Both middle class and working families are continually being priced out of the market, and the percentage of ownership rates for people between 25-34 has taken a major downward turn in the past few years from 60% to around 48%. This is forcing many young people to commit to a level of debt which a few decades ago was unimaginable.
With only 1 out of 7 purchases being made for first home buyers, it shows there has to be some radical change. The government is in the process of trying to level the playing field, where first home buyers are able to compete with investors.
From July 2017, the government is making a reform to capital tax discounts and negative gearing which it hopes can help put the Australian dream of being a homeowner back within reach of these middle class and working families.
Affordability of Housing Proposals
To make sure the tax system becomes fair and can help build new jobs and growth, the government are changing how both negative gearing and capital gains tax are calculated from July 1, 2017.
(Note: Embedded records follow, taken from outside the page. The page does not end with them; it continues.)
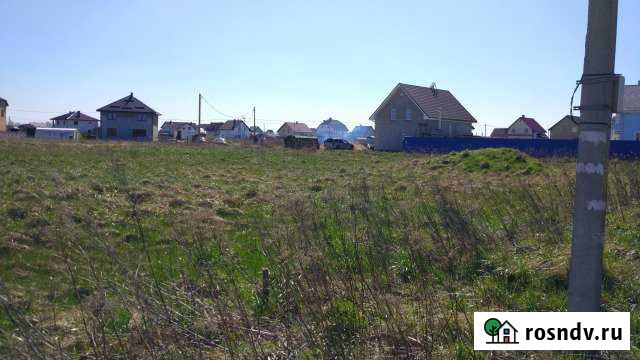 Участок СНТ, ДНП 10 сот. на продажу в Зеленоградске Зеленоградск - изображение 1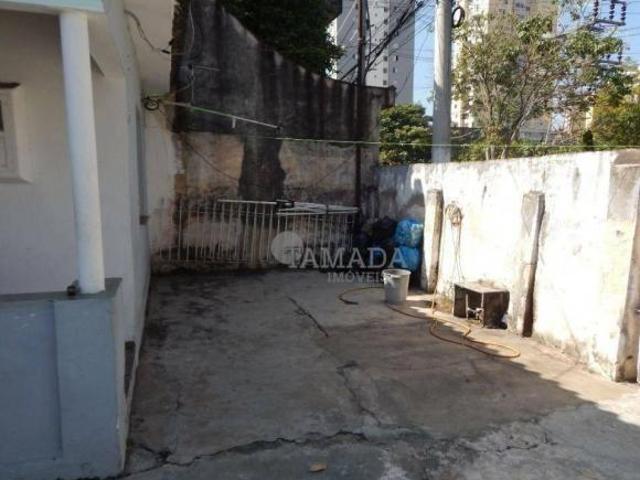Casa com 1 dormitório à venda, 80 m² por R$ 520.000,00 Vila Buenos Aires São Paulo/SP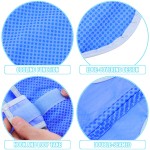 Adjustable Dog Jacket Factory - Cotton Breathable Mesh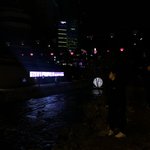 [방탄소년단] 청계천에 <b>뷔</b>문구?있어!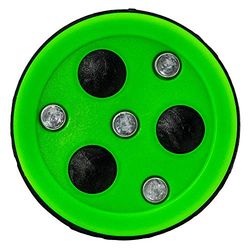 Franklin Sports Roll-a-Puck X3 NHL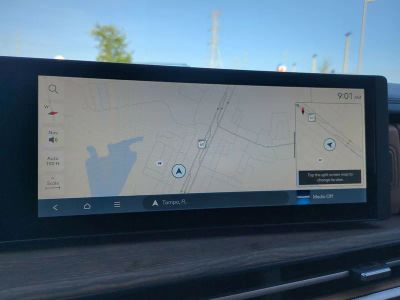 2026 Hyundai SANTA FE — photo 28 view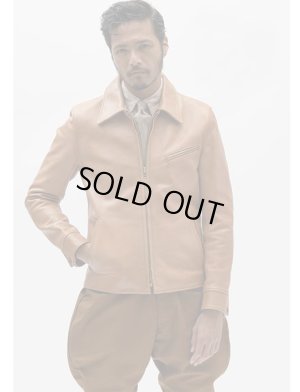 画像3: 【 Y'2 LEATHER（ワイツーレザー） 】　内見会日程　2023年2月17日(金)〜2月20日(月)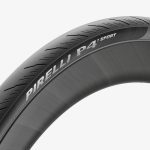 Cubierta Pirelli P4 Sport 700x26C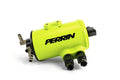 Perrin Performance auto part installed view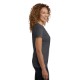 District Made® Perfect Blend® Ladies' V-Neck Tee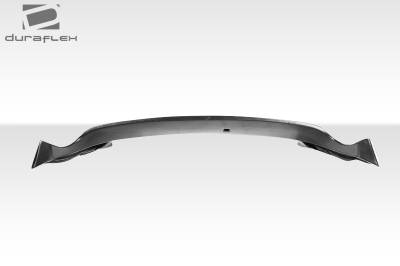 Duraflex - Subaru WRX Duraflex VR-S Wing Trunk Lid Spoiler - 1 Piece - 109085 - Image 9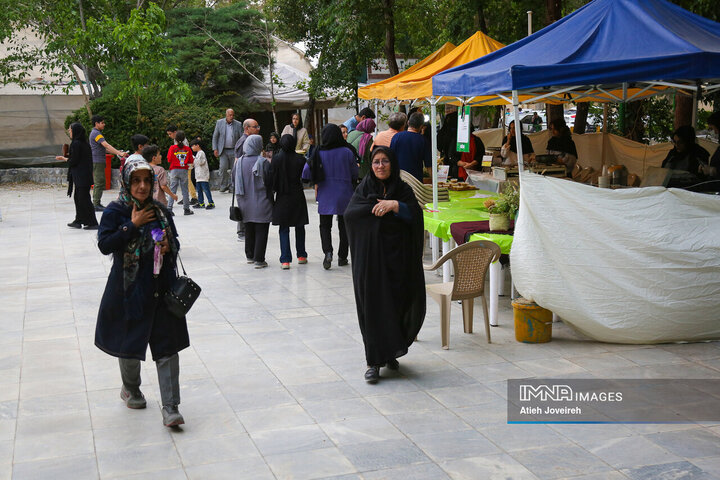 جشنواره فرهنگی «ریحانی‌شو»
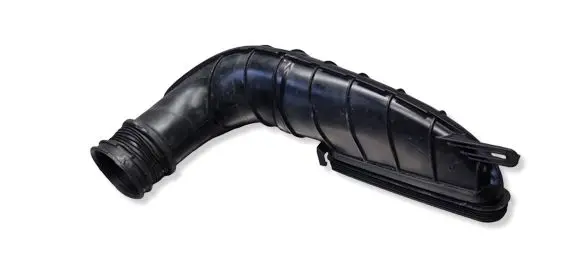 BMW X3 F25 Air intake duct part 13717812946
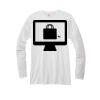 Adult Perfect-T Long-Sleeve T-Shirt Thumbnail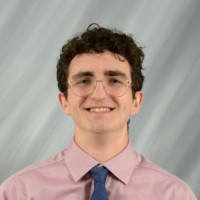 Evan Wahlstrom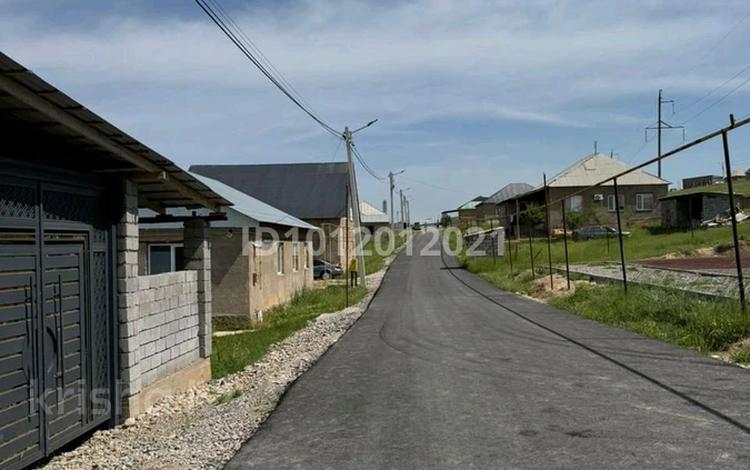 Отдельный дом · 6 комнат · 160 м² · 10 сот., квартал Жулдыз за 35 млн ₸ в Шымкенте, Енбекшинский р-н — фото 2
From July 1, 2017, negative gearing to new housing will not be limited, if you have investments which are made before this date, these will not be affected by the new rules and will be grandfathered.
This means you can still deduct any net rental losses against income earned as long as your losses come from any housing which has been newly constructed.
Capital Gains Tax
The capital gains discount on all assets which have been purchased from July 1, 2017, will be halved. For any assets, which are held for longer than 12 months the capital gains discount will be cut from 50 per cent to 25 per cent.
As with the negative gearing, any investments made before July 1, 2017, will be unaffected by these changes and will also be full grandfathered.
The government understands it has become more difficult for first home owners as they receive no tax breaks, yet they can receive subsidies if they go on to buy a second, third or fourth home. Most of which shows, the benefits are being gained by the wealthier portion of Australians rather than the people who are struggling to get on the property ladder.